Saturday, November 16, 2024

FNN-VAE for noisy time series forecasting

This post did not end up quite the way I’d imagined. A quick follow-up on the recent Time series prediction with
FNN-LSTM
, it was supposed to demonstrate how noisy time series (so common in
practice) could profit from a change in architecture: Instead of FNN-LSTM, an LSTM autoencoder regularized by false nearest
neighbors (FNN) loss, use FNN-VAE, a variational autoencoder constrained by the same. However, FNN-VAE did not seem to handle
noise better than FNN-LSTM. No plot, no post, then?

On the other hand – this is not a scientific study, with hypothesis and experimental setup all preregistered; all that really
matters is if there’s something useful to report. And it looks like there is.
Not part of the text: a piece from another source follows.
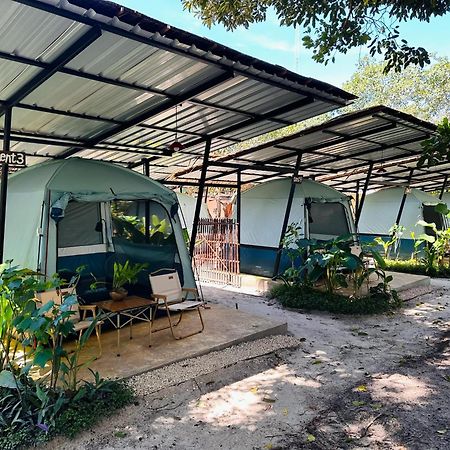 Tropical Hostel Koh Phayam Luaran gambar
Firstly, FNN-VAE, while on par performance-wise with FNN-LSTM, is far superior in that other meaning of “performance”:
Training goes a lot faster for FNN-VAE.

Secondly, while we don’t see much difference between FNN-LSTM and FNN-VAE, we do see a clear impact of using FNN loss. Adding in FNN loss strongly reduces mean squared error with respect to the underlying (denoised) series – especially in the case of VAE, but for LSTM as well. This is of particular interest with VAE, as it comes with a regularizer
out-of-the-box – namely, Kullback-Leibler (KL) divergence.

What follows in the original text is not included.